Requirement
The output should hold exactly, and only, the lines from the line bearing "Parker IM Monochrome" through the last line of the listing below, and no pictures.

Data for review
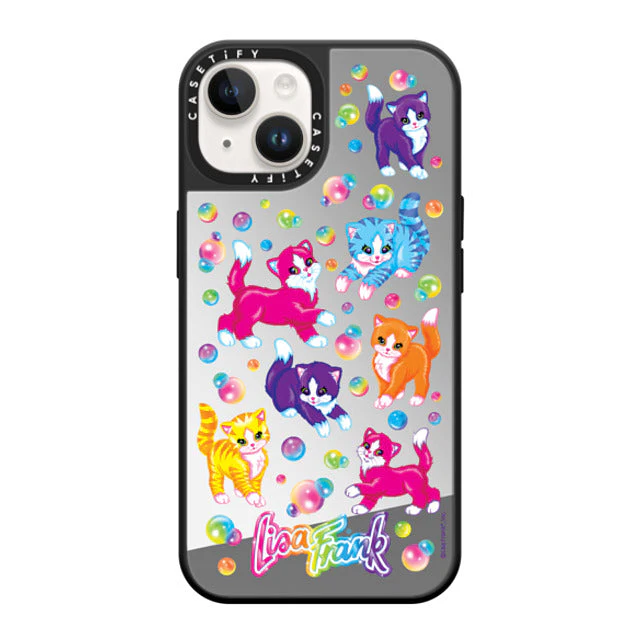 Kitten Bubbles | iPhone - Mirror Case - Image 35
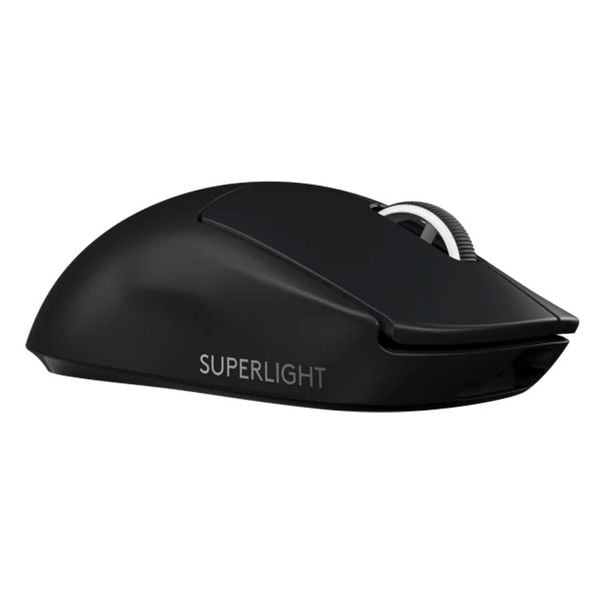  Chuột gaming Logitech Pro X Superlight | Wireless 2.4Ghz, 25600 DPI, 63g, Đen 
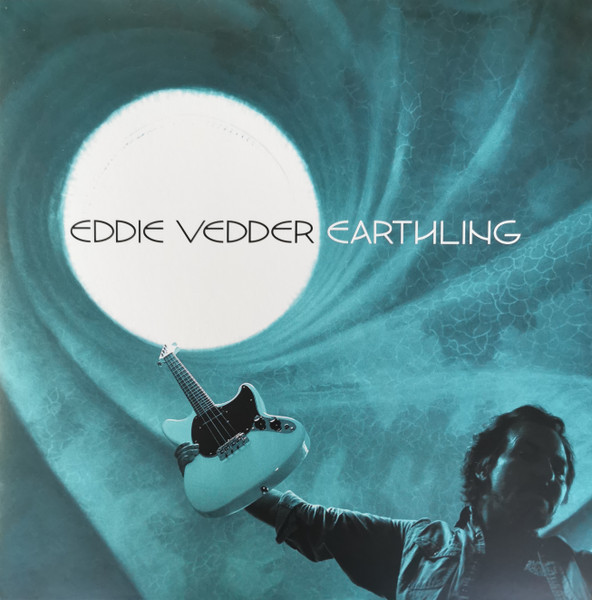Eddie Vedder – Earthling vinyl cover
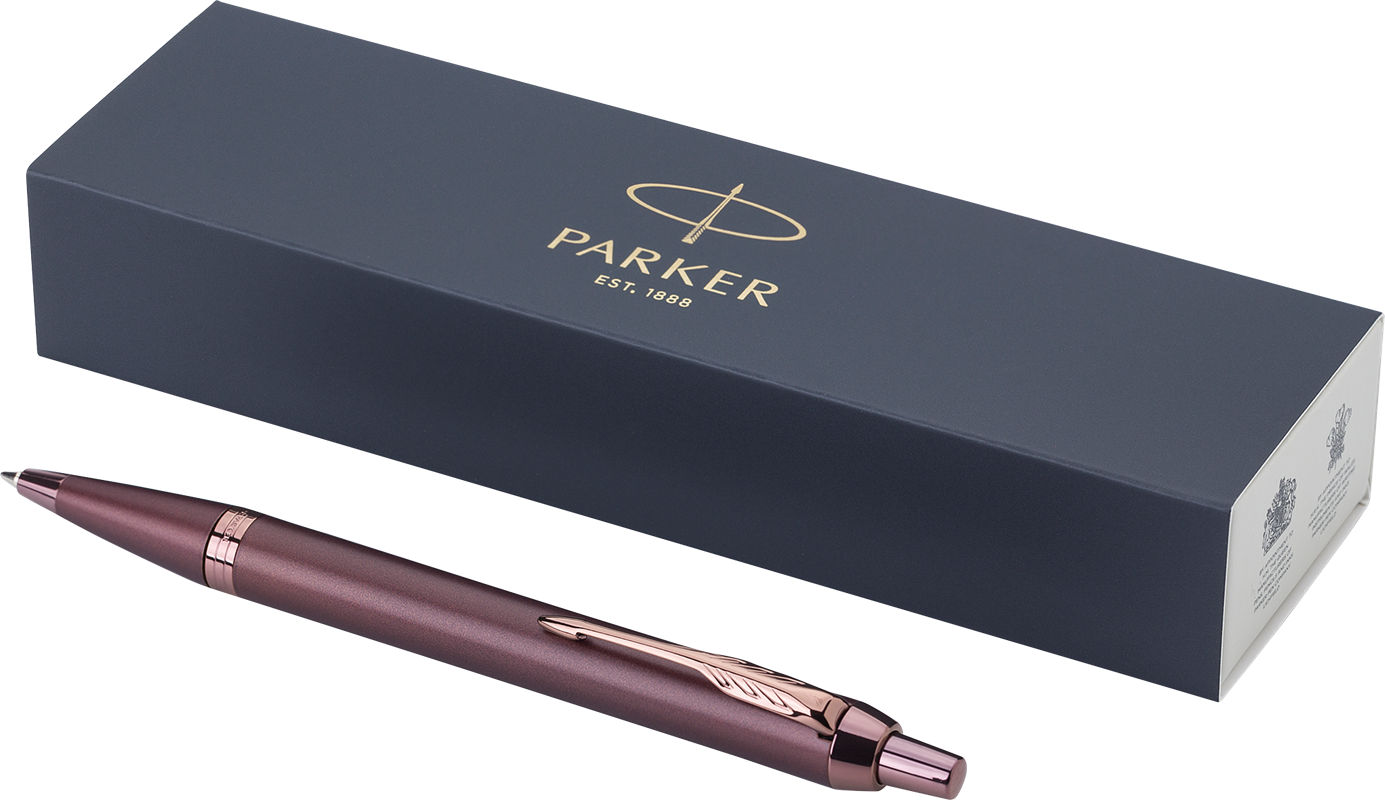 Parker IM Monochrome ballpoint pen 1006077_010 (Burgundy)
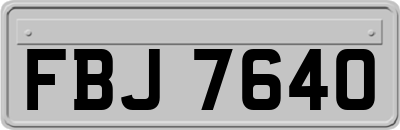 FBJ7640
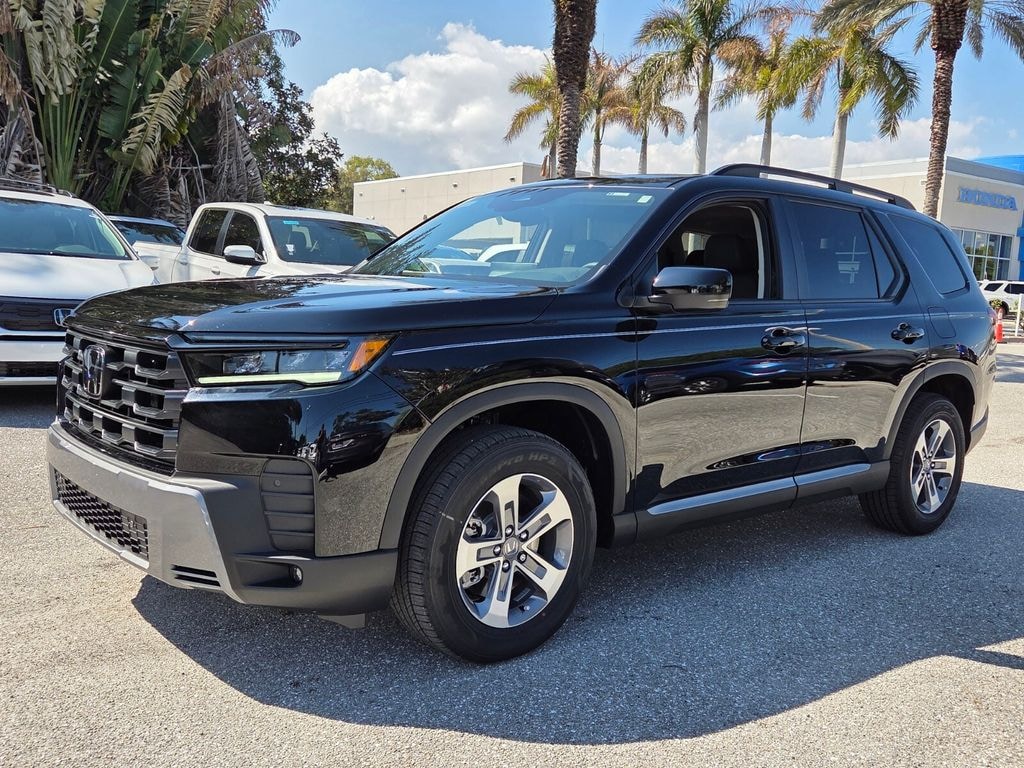 New 2026 Honda Pilot EX-L SUV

Answer space
 Parker IM Monochrome ballpoint pen 1006077_010 (Burgundy)
 FBJ7640
 New 2026 Honda Pilot EX-L SUV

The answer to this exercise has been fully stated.